Онъ говорилъ слегка дрожащимъ голосомъ, устало опускаясь на скамейку.
— Не безпокойтесь, пожалуйста, — ласково отвѣтилъ ему Шельтонъ.
— Я вполнѣ порядочный старый человѣкъ, повѣрьте мнѣ, — продолжалъ старикъ. — Я никогда не позволялъ себѣ никакихъ вольностей. Но, знаете ли, въ мои годы очень тяжело простаивать часами на улицахъ, какъ это я долженъ былъ дѣлать въ теченіе всей послѣдней недѣли, и особенно тяжело спать въ ночлежныхъ пріютахъ… О, это ужасныя мѣста… ужасныя!…
Шельтонъ взглянулъ на него, поражённый горячностью, съ которой онъ произнесъ эти слова. Его худое, изможденное лицо покрытое морщинами, было чисто выбрито, волосы на головѣ когда онъ снялъ шляпу, были густые, какого, -то пыльнаго цвѣта и, какъ показалось Шельтону, безъ всякой примѣси сѣдины. Они были причесаны и раздѣлены посрединѣ тщательно сдѣланнымъ проборомъ. Старикъ продолжалъ:
— Я могу высказывать это. У меня тамъ никогда не происходило столкновеній ни съ кѣмъ и никто мнѣ не мѣшалъ. Но всего больше пугаетъ меня неизвѣстность. Всего ужаснѣе никогда не знать, что будетъ съ вами, не знать это изо дня въ день! Это самое страшное въ жизни, не правда ли?
— Должно быть, — отвѣчалъ Шельтонъ.
— Ахъ, это такъ и есть! А тутъ еще надвигается зима!… Я не привыкъ оставаться долго на открытомъ воздухѣ, потому что всю свою жизнь прослужилъ въ домахъ. Но на это я, разумѣется, не обращаю вниманія, вели только у меня есть возможность заработать кусокъ хлѣба. Слава Богу, я, наконецъ, нашелъ работу! Конечно, продажа газетъ — непривычное для меня дѣло, но мнѣ сказали, что Вестминстерская Газета самая почтенная изъ вечернихъ газетъ. Впрочемъ, я это и такъ знаю. Ну, вотъ теперь я стараюсь имѣть успѣхъ въ этомъ дѣлѣ, пока я въ состояніи.
— Какъ вы получили эту работу? — спросилъ Шельтонъ.

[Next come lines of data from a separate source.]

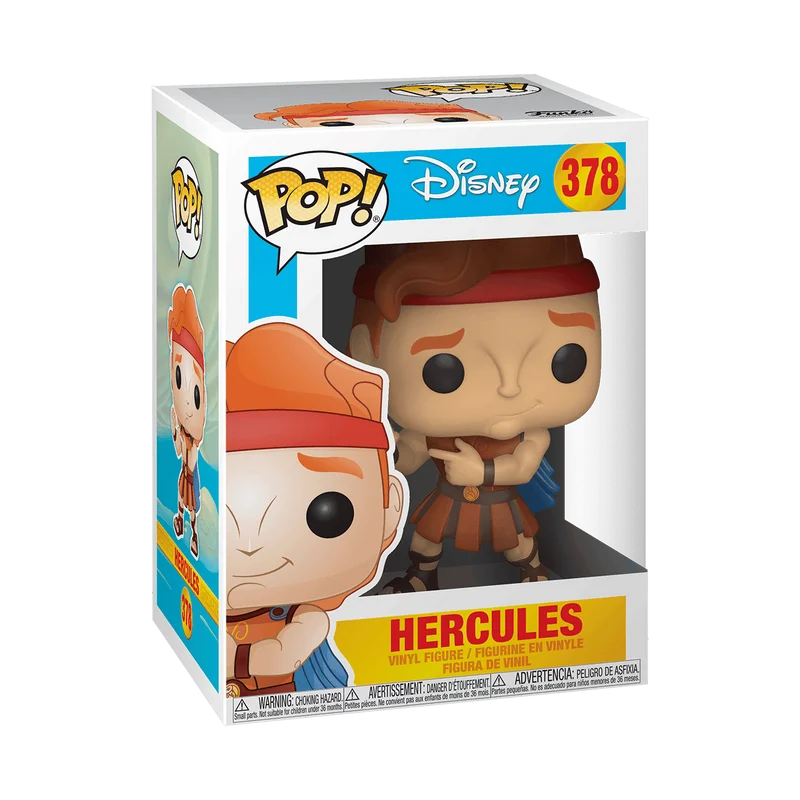 Hercules #378 Funko Pop from Disney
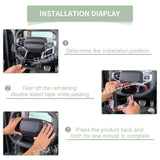 Decorative Steering Wheel Trim for Chery T2 2023 Car Interior Accessory HEBE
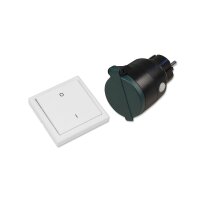 Funk-Schalter Set McPower Comfort Outdoor-Steckdose +...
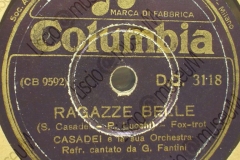 Ragazze Belle - (S.Casadei - P.Lucchi) 1943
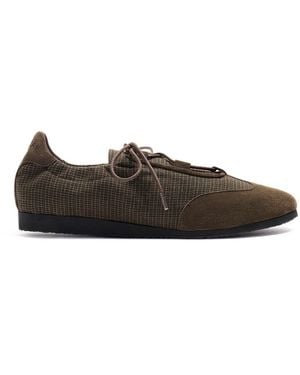 Naguisa Raluca Tartan - Brown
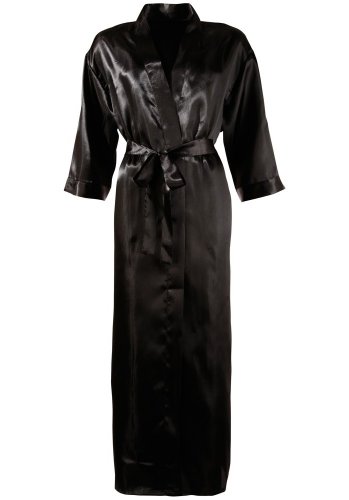 Svart Kimono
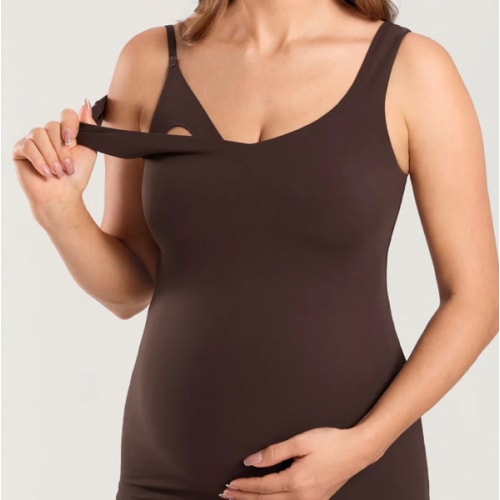 Natrelax® V Neck Nursing Tank Top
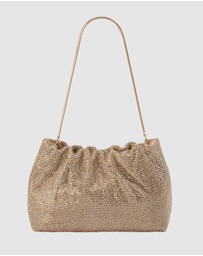 Olga Berg - Jessie Crystal Mesh Pouch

— У меня есть рекомендаціи. (Старикъ хлопнулъ себя по груди, какъ бы указывая, что онъ никогда не разстается съ ними.) Слава Богу, этого у меня никто не можетъ отнять! Въ ночлежномъ домѣ… тамъ есть несчастные люди. Они у меня украли часть моихъ вещей: хорошую рубашку и пару прекрасныхъ перчатокъ. Мнѣ далъ это одинъ джентльменъ за то, что я подержалъ его лошадь. Какъ вы думаете, долженъ я возбудить преслѣдованіе противъ нихъ? Вы бы это сдѣлали на моемъ мѣстѣ?
— Это зависитъ… — отвѣчалъ Шельтонъ. — Есть ли у васъ достаточныя доказательства?
— Не могу же я примириться съ тѣмъ, что у меня пропали такія хорошія вещи!… А вотъ посмотрите, — сказалъ онъ, вытаскивая изъ-за пазухи дрожащими пальцами какія-то бумаги. — Это далъ мнѣ сэръ Джорджъ. Я служилъ у него дворецкимъ пять лѣтъ. А это я получилъ отъ лэди Гленгоу. Можетъ быть, — разъ вы такъ добры, — вы согласились бы прослушать, что они написали?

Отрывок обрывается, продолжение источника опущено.